Task objective
Beginning with the line that holds "Foto resep Sambel ati,ampela" and ending with the last line below, repeat each line exactly, leaving any pictures out.

Data excerpt
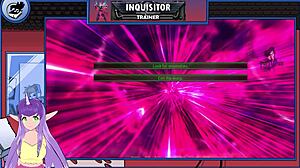 a girl pees her jeans while bro uses bathroom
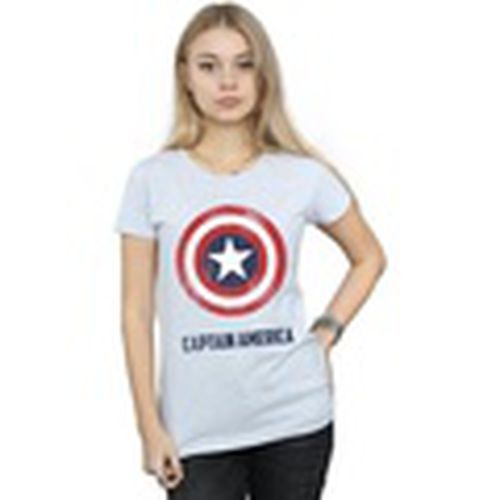 Camiseta manga larga BI3730 para mujer - Marvel - Modalova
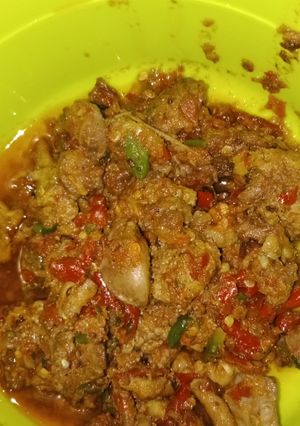 Foto resep Sambel ati,ampela
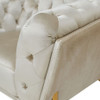 Stella - Transitional Beige Velvet Sofa Set / VGCA2020-BEIGE-SET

Response for this exercise
 Foto resep Sambel ati,ampela
 Stella - Transitional Beige Velvet Sofa Set / VGCA2020-BEIGE-SET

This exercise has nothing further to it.